What is required ::
The span to repeat in the listing below runs from the line containing "Photo of two" to the line containing "Toyota Corolla E160", inclusive. Repeat it exactly, and only it.

Study material ::
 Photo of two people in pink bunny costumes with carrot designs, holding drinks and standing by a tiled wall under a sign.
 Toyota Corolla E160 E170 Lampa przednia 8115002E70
==
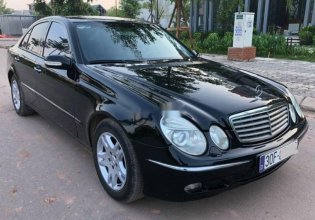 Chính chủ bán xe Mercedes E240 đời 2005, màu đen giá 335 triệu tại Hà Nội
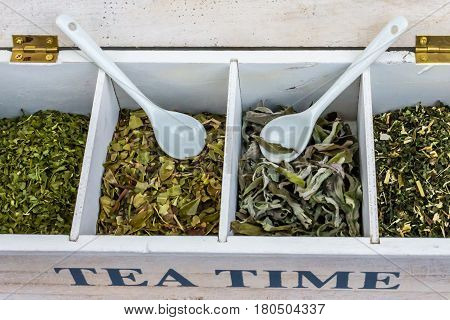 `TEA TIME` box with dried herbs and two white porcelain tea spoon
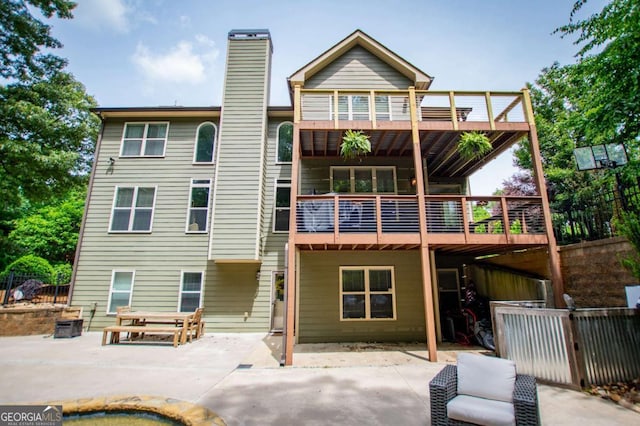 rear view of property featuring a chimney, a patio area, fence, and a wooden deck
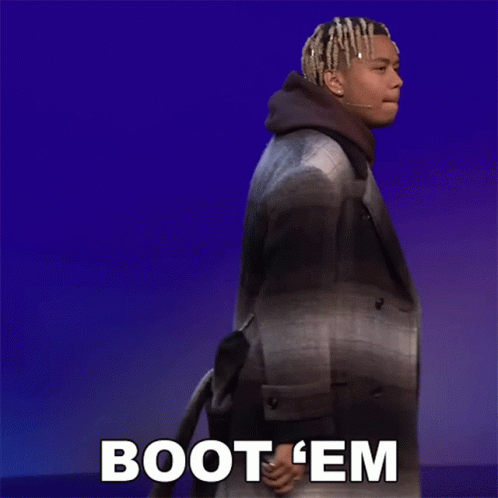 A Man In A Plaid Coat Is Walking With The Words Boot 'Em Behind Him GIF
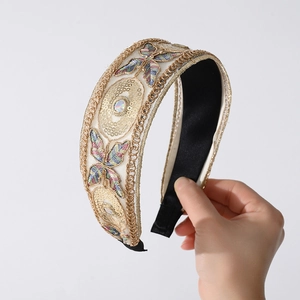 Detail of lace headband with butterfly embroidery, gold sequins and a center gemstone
* * *
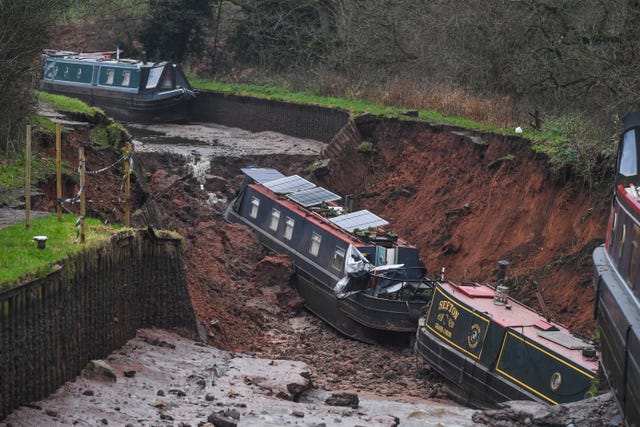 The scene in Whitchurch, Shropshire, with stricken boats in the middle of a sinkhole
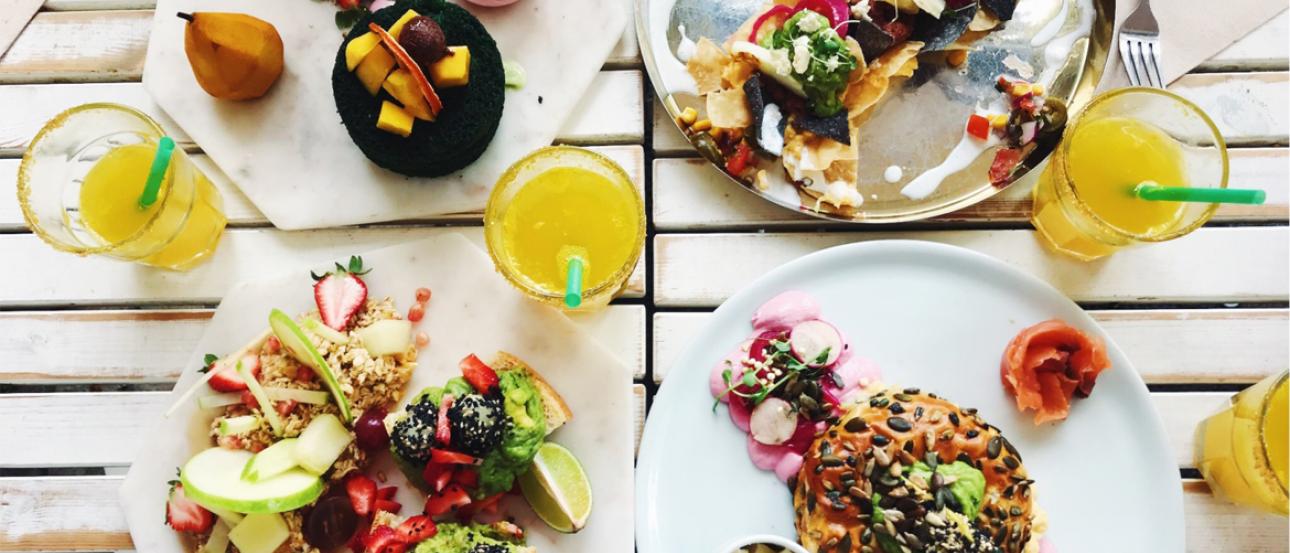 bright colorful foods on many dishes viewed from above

Answer to this exercise ::
 Photo of two people in pink bunny costumes with carrot designs, holding drinks and standing by a tiled wall under a sign.
 Toyota Corolla E160 E170 Lampa przednia 8115002E70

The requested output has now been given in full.